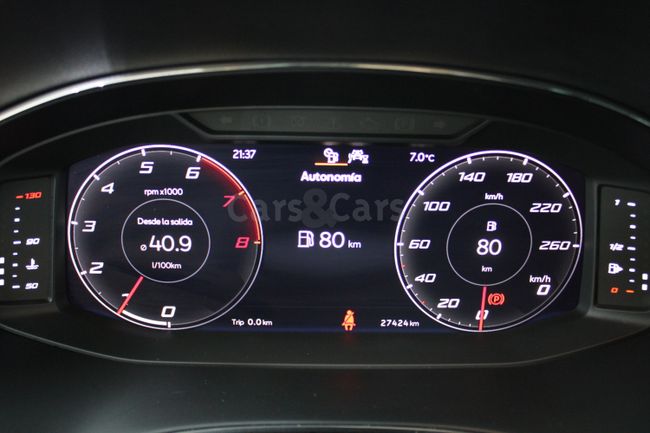 Foto 3 del coche Seat Arona 1.0 TSI Ecomotive S&S FR 115  - 5653LKG de segunda mano en Madrid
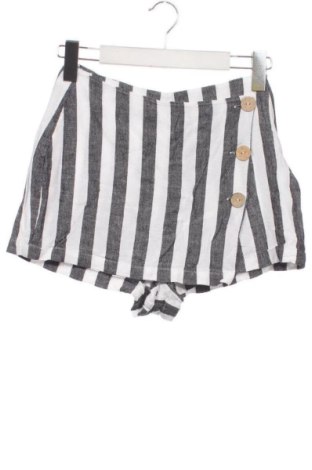 Pantaloni scurți de femei Pull&Bear, Mărime XS, Culoare Multicolor, Preț 34,00 Lei, #137341348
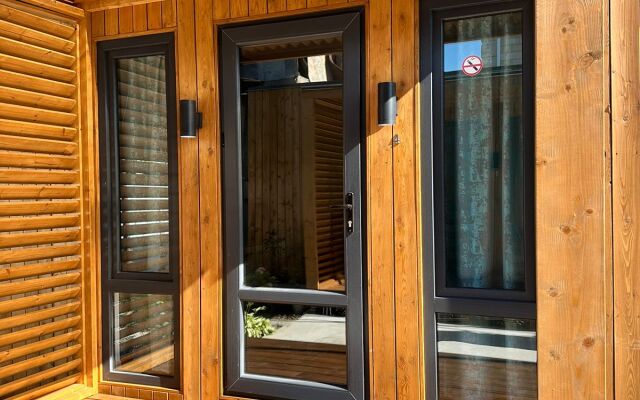 U Elviry Guest house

* WHAT YOU SHOULD DO
From the material above, write out exactly the lines from the line with "Pantaloni scurți de" through the closing line, inclusive, and no pictures.

* ANSWER TO THIS EXERCISE
 Pantaloni scurți de femei Pull&Bear, Mărime XS, Culoare Multicolor, Preț 34,00 Lei, #137341348
 U Elviry Guest house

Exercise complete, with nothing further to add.